The Volvo Ocean Race’s sustainability programme is also making strides ahead with their objectives of reducing the footprint, maximising impact and leaving a legacy. At each stopover, they only take on suppliers who don’t use plastic straws, and who provide drinking water to refill bottles.
Since the race began, 166,600 single-use plastic water bottles have been avoided.
“It is a huge undertaking, but they’ve had some huge wins. In Hong Kong, they diverted 7.2 tonnes of material from the landfill,” Foxall says.
An education programme, using the race to teach ocean literacy, has been taken up in 35 countries by more than 40,000 students.
This week, the New Zealand Government signed up to the United Nations Environment campaign, “Clean Seas”, which the race is promoting as it circumnavigates the globe. New Zealand is the 42nd nation to back the five-year campaign to rid the world’s oceans of plastic.
All of the teams will pitch in to help clean up rubbish off Takapuna Beach before they leave port on Sunday.
Vestas 11th Hour Racing isn’t the only boat in the Volvo fleet carrying a strong sustainability message. Turn the Tide on Plastic, skippered by legendary yachtswoman Dee Caffari, is collecting samples of seawater for data on salinity, dissolved carbon dioxide, algae and microplastic levels as they sail through the world’s oceans.

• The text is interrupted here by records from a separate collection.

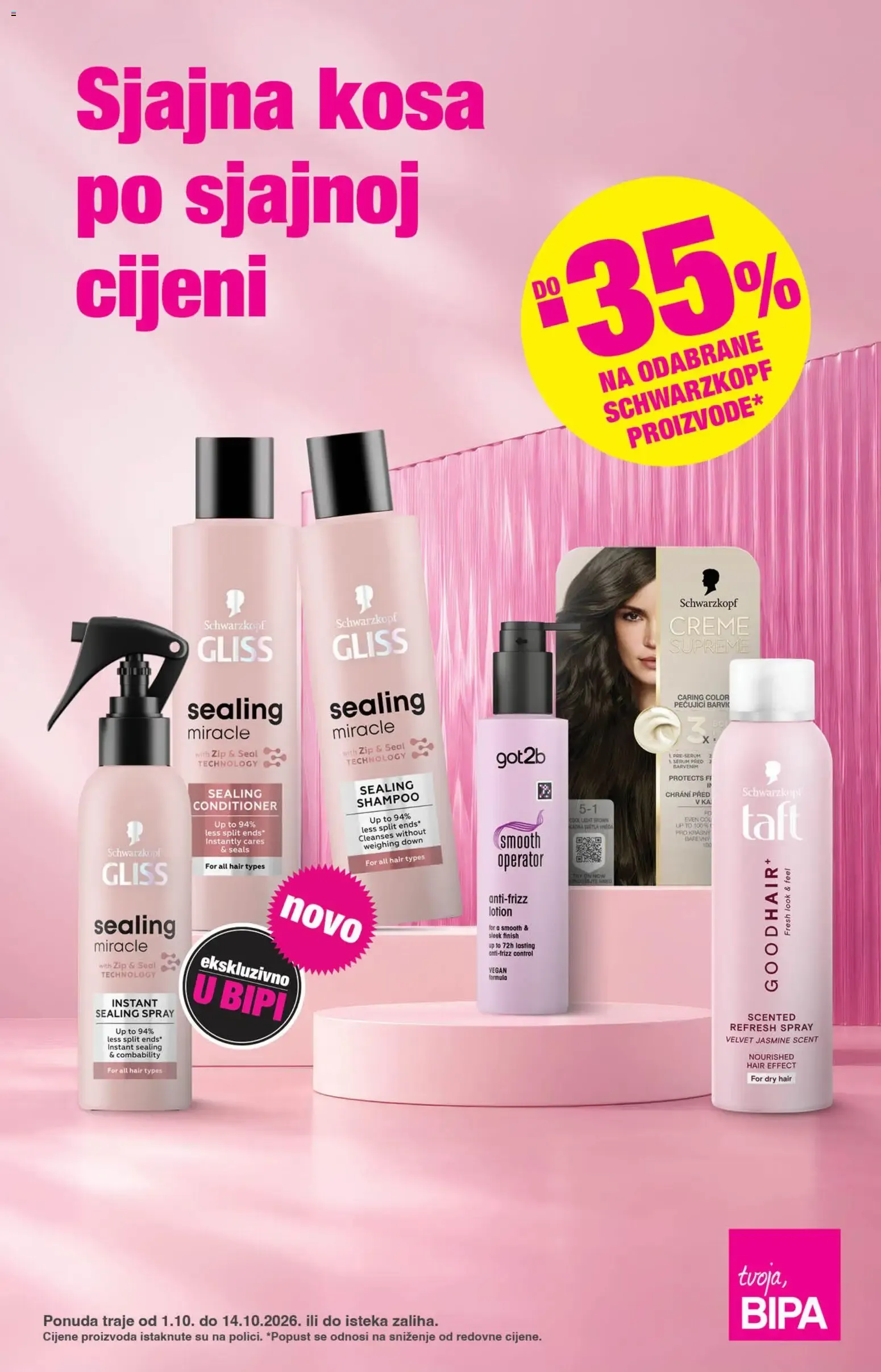 Katalog Bipa: Sjajna kosa po sjajnoj cijeni - do 35% na Schwarzkopf proizvode od 1. listopada do 14. listopada 2026. - Pregled Stranica 1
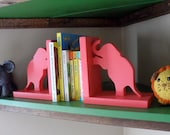 Hot Pink Elephant Bookends - Custom Colors Available, kids bookends, nursery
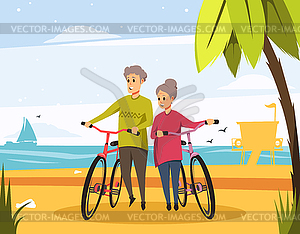 Senior old couple on beach with bicycles - vector image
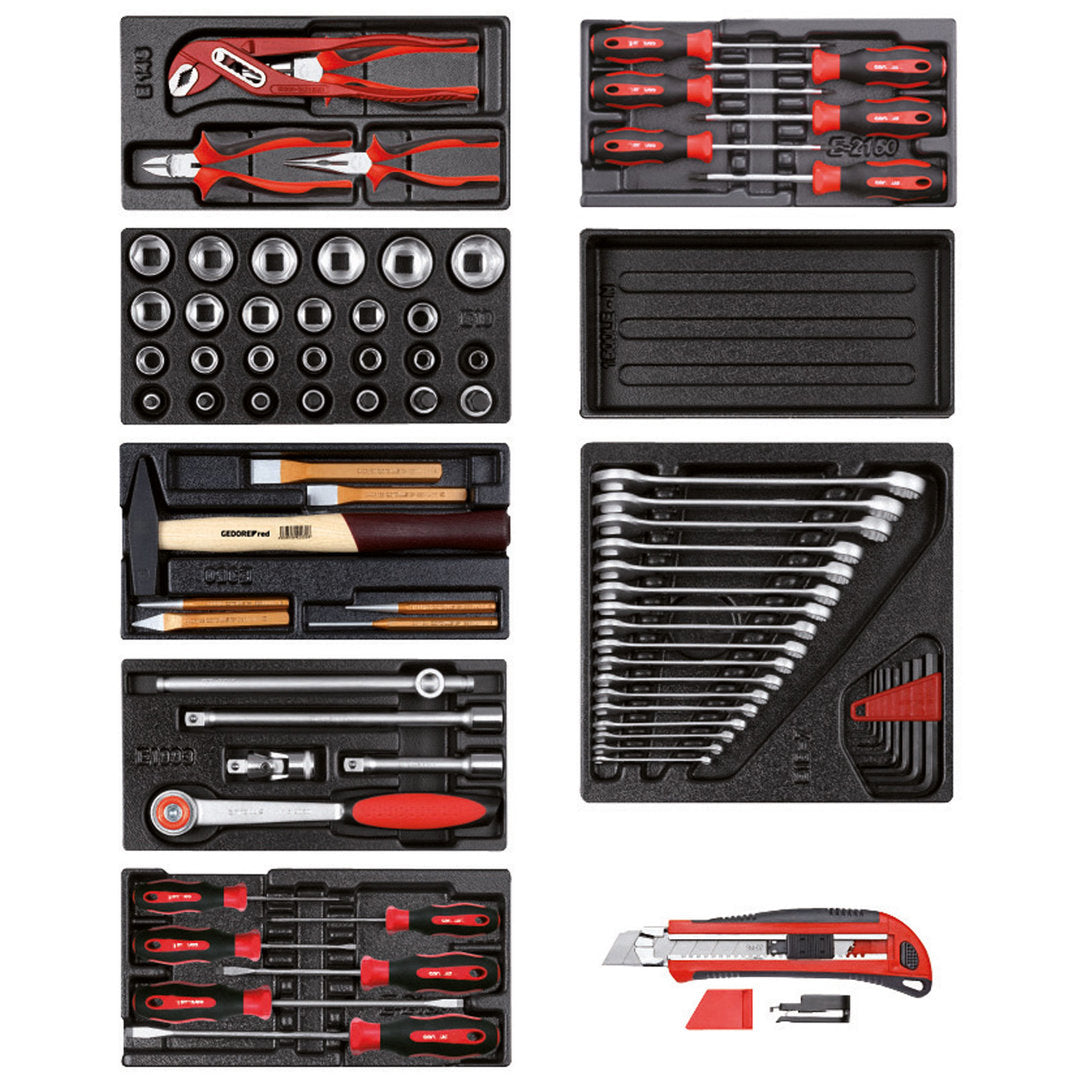 GEDORE red R21010000 - Jeu d'outils en 8 modules plastiques + cutter, 82 pièces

“We’ve gone beyond the boundaries of what a sporting event traditionally does, and we’re using this platform to bring across a much more important message,” says Foxall, who worked as the recreation education manager at the Canadian Wildlife Federation before taking on this role.
“Sustainability is no longer just a corporate responsibility with a box ticked. It’s become integral to the race – to the point where World Sailing has become the first sporting body in the world to meet an ISO sustainability standard. In our team, sustainability isn’t a compromise. It’s a strength. It supports our teamwork at all levels.
“And it’s fantastic to have the opportunity to do more than just win a boat race.”